The stakes of the February election are high for both parties. Republicans are eager to hold on to gains they made in New York in 2022, when the party flipped four House seats in districts that President Joe Biden had won in 2020. The GOP’s narrow majority is the result of a net pickup of five seats, which means that the results in New York were more pivotal than the outcomes in any other state.
Democrats, still reeling from the humiliation of those defeats in such a reliably blue state, are determined to avoid a repeat of their 2022 performance. The party sees New York as a key part of its strategy to retake the House ― and the special election as an opportunity to get a head start on that task. As an incumbent, the winner of the contest would be the favorite to hold the seat in the November general election.
Both parties likewise hope to make the special election outcome a harbinger of the coming presidential race. A Democratic takeover of the seat, in particular, could lend credence to the party’s claims that Biden is in better shape than his sluggish poll numbers would suggest.
New York’s 3rd District is a classic battleground seat that is set to attract big spending from both parties and their allied super PACs.
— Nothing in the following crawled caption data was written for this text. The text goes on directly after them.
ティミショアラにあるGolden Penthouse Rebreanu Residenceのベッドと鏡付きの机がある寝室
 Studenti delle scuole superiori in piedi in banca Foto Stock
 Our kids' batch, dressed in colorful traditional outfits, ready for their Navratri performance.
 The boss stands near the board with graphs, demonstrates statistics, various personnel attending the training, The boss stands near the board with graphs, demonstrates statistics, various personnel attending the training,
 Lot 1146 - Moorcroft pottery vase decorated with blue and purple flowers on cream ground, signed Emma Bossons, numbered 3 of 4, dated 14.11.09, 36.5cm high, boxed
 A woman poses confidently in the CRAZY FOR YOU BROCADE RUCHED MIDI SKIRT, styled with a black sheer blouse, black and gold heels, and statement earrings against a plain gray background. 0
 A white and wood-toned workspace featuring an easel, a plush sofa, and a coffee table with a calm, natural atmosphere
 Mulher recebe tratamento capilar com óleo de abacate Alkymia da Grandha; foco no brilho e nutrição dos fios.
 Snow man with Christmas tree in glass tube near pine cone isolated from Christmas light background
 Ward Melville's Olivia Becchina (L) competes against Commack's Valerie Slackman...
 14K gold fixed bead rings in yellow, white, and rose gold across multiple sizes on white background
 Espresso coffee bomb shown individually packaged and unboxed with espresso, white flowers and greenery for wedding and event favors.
Although the boundaries after redistricting make it slightly less favorable for Democrats, voters in the district favored Biden over Donald Trump in 2020 by a margin of 8 percentage points.
At the same time, Republicans continued to perform well on Long Island in county and local elections last month. Democrats hope that nationalizing the race, with an emphasis on flipping the House and standing up to the GOP’s support for restrictions on abortion rights, will work to their advantage.
Tony Nunziato, chair of the Queens County Republican Party, told HuffPost that the eventual Republican nominee would “definitely” need to have “flexibility” on the question of abortion rights to accommodate the district’s relatively liberal social views.
He said that crime, immigration and antisemitism are more pressing issues at the moment.
“Not to diminish abortion, but there’s so many other things right now that are more in the front line,” he said.